In Richelle Mead's fifth installment to the VAMPIRE ACADEMY series, SPIRIT BOUND takes the reader back to St. Vladimir's Academy where Rose and Lissa are preparing to set out into the real world. Dimitri, still in his Strigoi state, is stalking Rose with the intent to kill her; Rose is frantically searching for a way to use spirit to cure him; and both Lissa and Rose are graduating and moving on to court, where Rose's guardian role will be assigned and where Lissa hopes to move into her royal role as the last in her family's line.

SPIRIT BOUND was a marked improvement over the past two books, and I was excited for that. Mead's writing style remains easily readable, and pacing was better, with the resolution of Dimitri's Strigoi state (one way or another - no spoilers) resolved within the first half of the book. Lissa's character grows in many ways, including her role in court, her personal strength, and her willingness to take risks for others. Adrian and Christian also develop as characters, with each getting more attention in this book; their wry and humorous dialogue adds much to the story.

Even with these strengths, the book fell short in other ways.
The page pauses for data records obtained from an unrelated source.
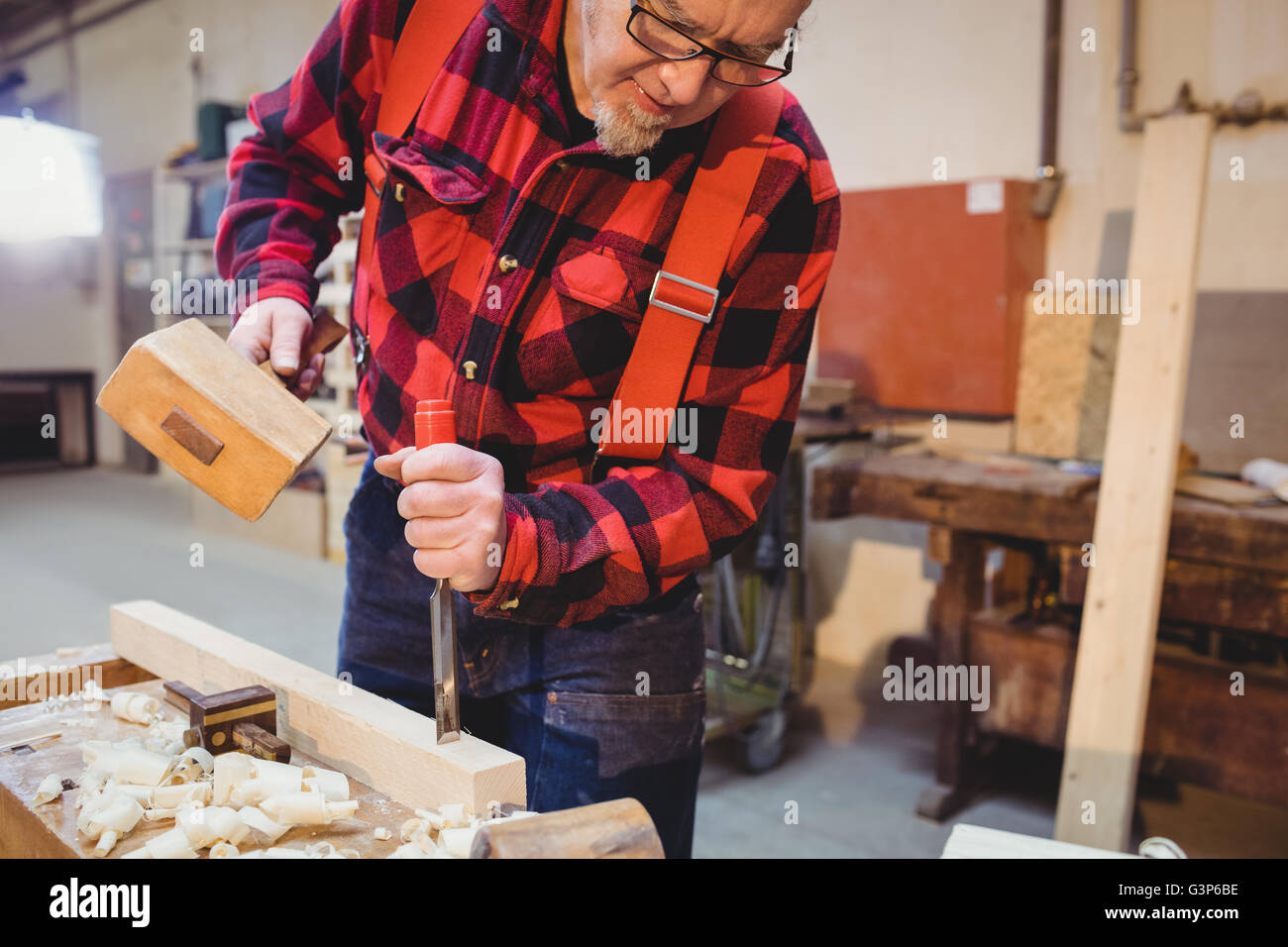 Focused carpenter working on wood plank Stock Photo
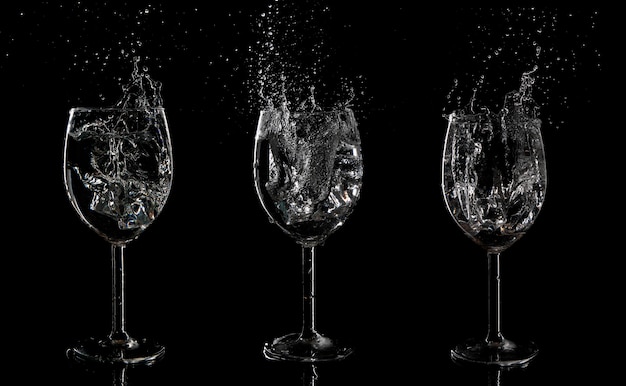 Set of glasses with water splash on a black background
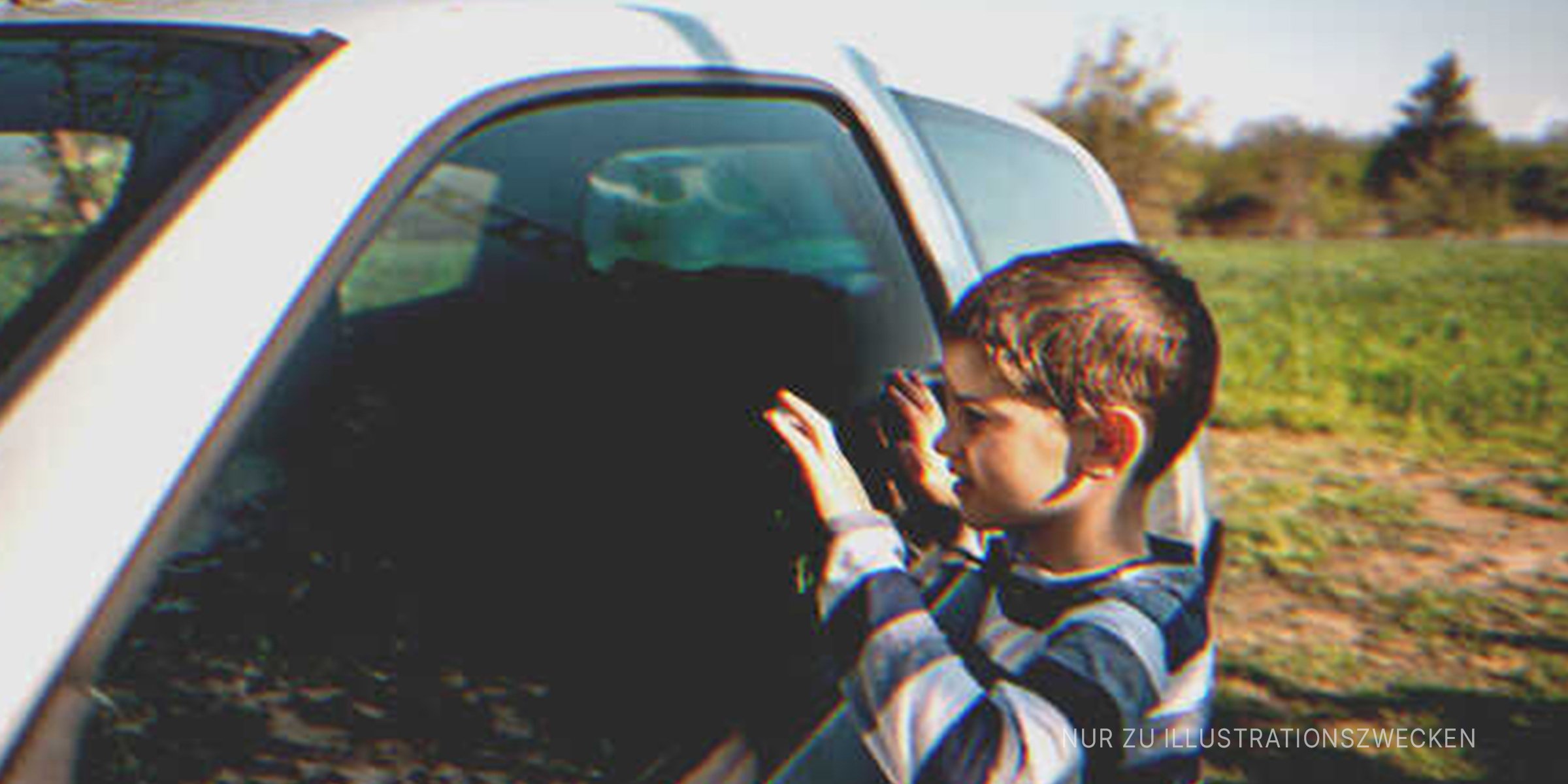 Kleiner Junge späht in ein Auto | Quelle: Getty Images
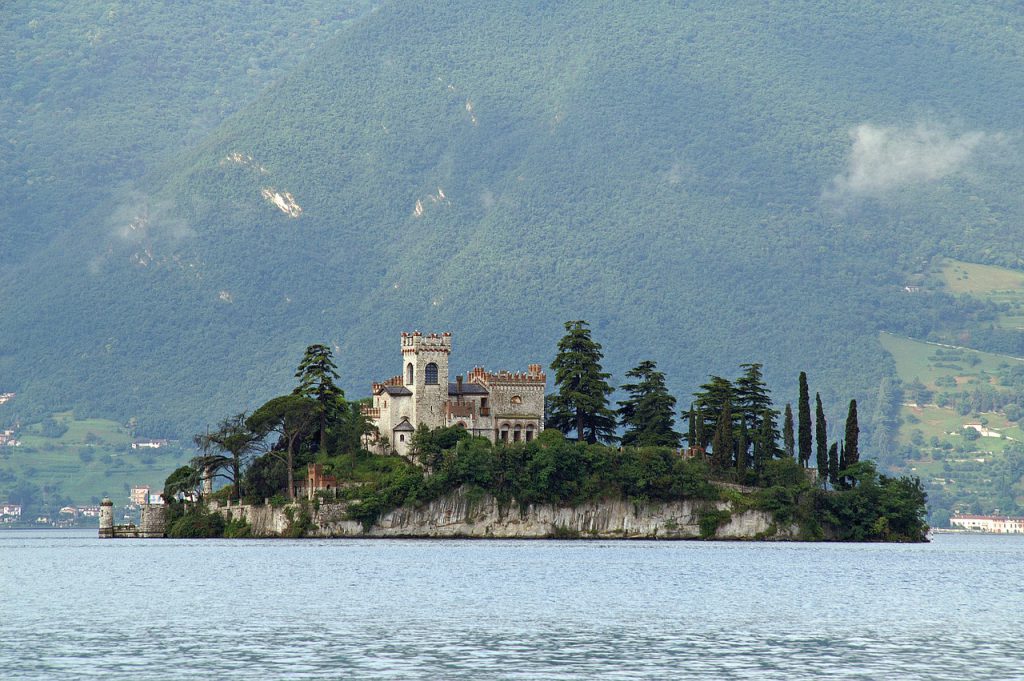 an island with green pine trees and a castle in the middle of Lake Iseo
The plot is unsurprising with resolutions to many points that you can see far in advance, and other events are so implausible that it takes away from the credibility of the story arc. The book ends with another cliffhanger, with a set up that comes out of nowhere and makes the book feel unfinished. Even though pacing picks up soon into the book, the first 100 pages are slow, with lots of backstory and reiteration from previous books. As for characters, Rose's development seemed stunted throughout. She shows no compunction about putting her friends and fellow guardians in mortal and professional danger for her own ends, and she acts out multiple times like a petulant child. While her actions annoyed and frustrated me, I couldn't decide whether it was 1) good characterization to show her traits as they are or 2) bad characterization because she doesn't grow or change. Also, while it was nice to see Adrian play a significant role, he becomes little more than a simpering fool for Rose, despite her recurring misuse of his feelings.

Overall, the Vampire Academy series continues to be leaps and bounds ahead of other YA paranormal series, but it still could see some improvement with more consistent pacing, fewer predictable plot points, and more character development for Rose. I hope that the final book in the series, LAST SACRIFICE, brings the resolution everyone been looking for, along with some significant growth for Rose.